This means that dharma-philosophies, artha-philosophies, and kama-philosophies cannot be independent of each other.
If Dharma, Artha, and Kama are permeable (i.e., one becomes a constitutive factor in the pursuit of the other) instead of being interdependent, then this poses a serious problem of distinction among dharma-philosophies, artha-philosophies, and kama-philosophies.
skholiast said:
Amod, under artha, I suppose you would also include pragmatism and “ordinary language” philosophies like Moore’s common-sensism, and (some readings of) the late Wittgenstein.
@ Jim: I agree that the Buddha attained his awakening after he had left off being a “renouncer,” but I think in Amod’s sense, mokṣa includes both a good deal of Buddhism as well as of Christianity, which likewise has an elaborate monastic culture but which also does not think of monasticism as necessary. What was “middle” about what the Buddha taught in ancient India is now apt to look relatively extreme (as Thill’s characterization perhaps illustrates), at least to those of us who are not used to seeing begging seers, or starving children, on the sides of the road. (I am not, however, trying to intimate that Thill’s position is an accident of what he does or doesn’t see by the roadside!) Of course this does not mean that Buddhism has not made significant inroads in American culture, but my sense is that its appeal is to those who are weary of a kind of glut or surfeit of gratification, not those who are turned off by “too much asceticism.” I know my analysis here is lopsided and even shallow. But I think both Buddhist and Christian teachings about the human being can be roughly deemed ‘ascetic.’ Of course there’s also the culture of these, which is complicated and vast. In the case of Christianity, I would certainly conceded that it does not always give a very ascetic impression. But go to the desert fathers or Dorothy Day, and you get the sense that a good dose of asceticism is never far from it, albeit a “world-affirming” sort of asceticism.
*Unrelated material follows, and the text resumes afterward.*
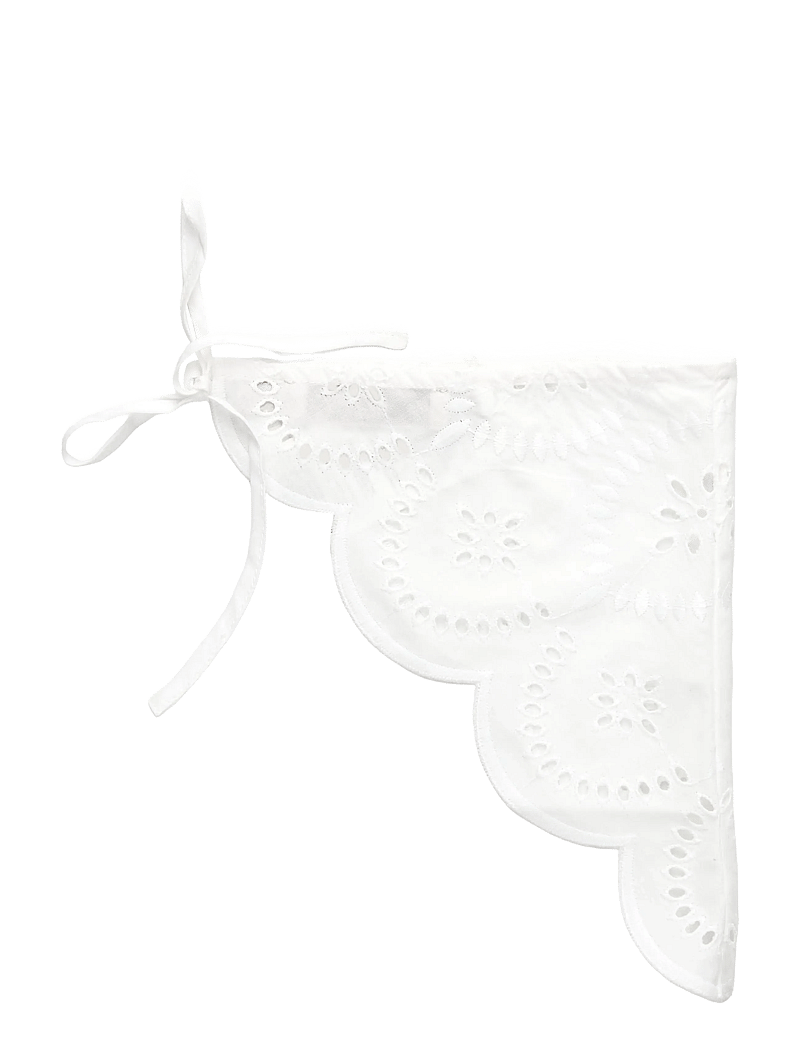 Faithfull The Brand - PONTE HEAD SCARF - igapäevane stiil - bianca broderie white - 1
@ Thill: I am with you on this: there is no sense in rigorously separating these ends, as though one excluded all the others. Insofar as I understand it, the distinction between the various yogas (jnana, bhakti, karma) also acknowledges this. Indian thought is nothing if not subtle. It is a question of emphasis, not obsession.
Thill said:
S: “a “world-affirming” sort of asceticism.”
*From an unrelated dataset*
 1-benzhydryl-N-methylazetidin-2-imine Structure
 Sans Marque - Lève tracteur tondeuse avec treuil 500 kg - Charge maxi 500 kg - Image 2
I don’t understand this phrase. Asceticism, whether Buddhist, Christian, Hindu, or Jain, is characterized by a contempt for and withdrawal from so-called “worldly” pursuits and pleasures (as if there were any pursuit or pleasure not of this world!).
In the early Christian appropriation and transformation of the Greek root word “askesis” of asceticism, it meant “austerity” or self-denial, denial of “worldly” desires. The practitioner of “askesis” was the “asketes” or the ascetic, invariably a monk or hermit. And an “asketerion”, or abode of practice of “askesis”, was a monastery.
JimWilton said:
The problem with self-denial is that there has to be a “self” that is acting to deny the itself pleasure. So while austerity can be helpful in seeing and loosening attachment — if one has habits of gluttony for example — it is possible to become as attached to virtue as to a sixty-four ounce porterhouse steak. And attachment is the cause of suffering (in the Buddhist view).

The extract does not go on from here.